After the Informix Warehouse Accelerator is installed and configured, the next step is to set up a data mart. A data mart is defined as a subset of a data warehouse or your schema, oriented to a specific business line or team. An enterprise’s data warehouse on the Informix database server can contain information from sales, inventory, customer service, market data, and the like. Your transactional schema is designed for maximizing the transactional throughput. You must select the subset that is required for analysis and specify star schema relationships.

A data mart defines fact and dimension tables and their relationships. The dimension tables typically contain fewer rows than fact tables, for example, product information and customer information. In some cases the dimension table can be large, for example, one that contains data on all California residents.

You can selectively accelerate subsets of the data marts and data by using Informix Warehouse Accelerator. For example, a sales manager might want to analyze sales and inventory data to understand trends and create suitable sales incentives. In this case, only the data marts with sales and inventory fact tables must be accelerated.

In the context of the accelerator, a data mart contains one or more snowflake schemas, each of which has one fact table and related dimension tables. In the snowflake schema that is shown in figure below, the fact table DAILY_SALES is related to dimensions that describe the business facts.

After the tables to create a data mart are identified, the DBA defines the relationships between the fact table and the dimension tables. The data mart validation step helps ensure that all the relationships between the tables are defined. The DBA must address any errors in this step before the data mart is deployed.

As part of data mart deployment, the administration tools ( OAT or Smart Analytics Optimizer Studio) send the data mart definition to the accelerator, which sends back the definition in SQL. This definition is saved as a special accelerated query table ( AQT) view within Informix system catalogs with a special flag and related information. The AQT view is later used to match queries and redirect the matching queries to the correct data mart and accelerator.

After the data mart is created (deployed), the next step is to load the data. In this step, a snapshot of data from the database server tables is sent to the accelerator. The accelerator distributes the data to each of its worker nodes. The worker node analyzes the data for frequently occurring values and the relationships between the columns, and then it partitions the data vertically and horizontally.

After partitioning, it compresses the data by using the deep columnar process that is described in the “Columnar storage” section of this white paper. After the compression, the worker node keeps the compressed data in memory with a copy on disk for persistence; no indexes, summary tables, or cubes are created. The data can be refreshed periodically from the Informix database server.
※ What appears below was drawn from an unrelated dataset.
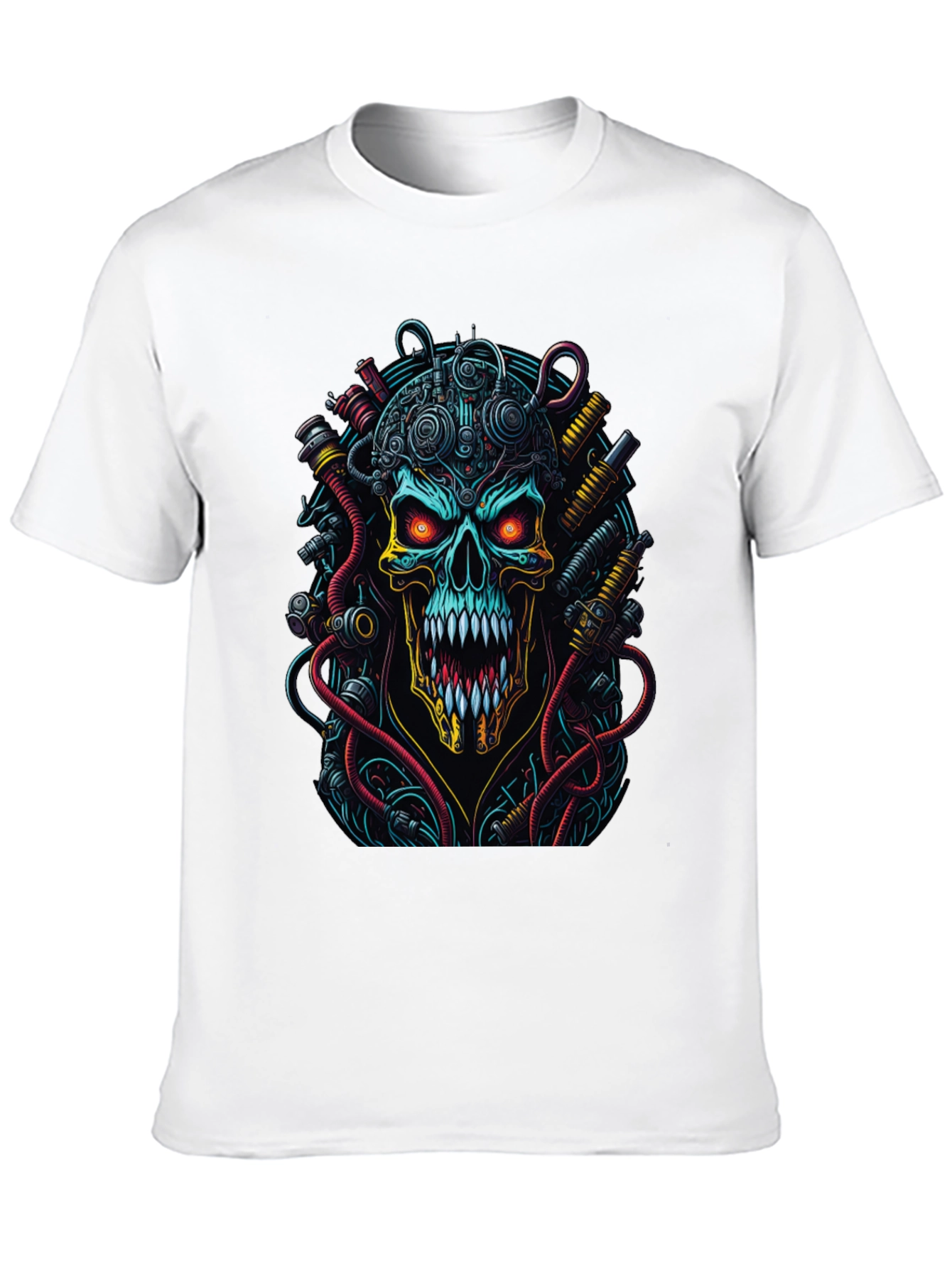 Cyberpunk Skull Graphic T-Shirt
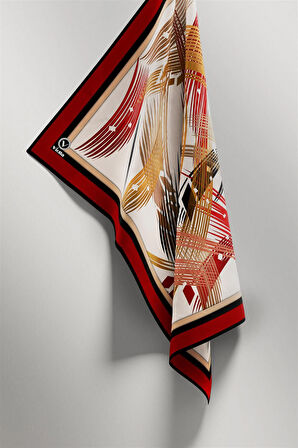 Twill Geometrik Desenli Bordo Renkli 90x90 Eşarp (İpek İçermez) Kenar Dikiş Şekli El Dikişli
After the loading is complete, the data mart is ready for queries on IWA.

After the initial load, the data on Informix database can change. You can refresh the data in IWA by using one of these methods:

• Full data reload
• Refresh the partitions that are modified since the last refresh
• Trickle feed the data from Informix to IWA as the data is being inserted

Full data reload requires you to disable the data mart and then do a complete load of the data mart. The new data is transferred just like the first load, then analyzed to create new compression dictionary, and then compressed. Automatic partition refresh detects the fact and dimension table partitions modified since the last refresh. It then removes those partition data from IWA and, when necessary, reloads the data from respective partitions on to IWA. Automatic partition refresh also handles partition add, drop, attach, or detach to fact and dimension tables. Automatic partition refresh is useful when your data mart is designed to handle time cyclic data management.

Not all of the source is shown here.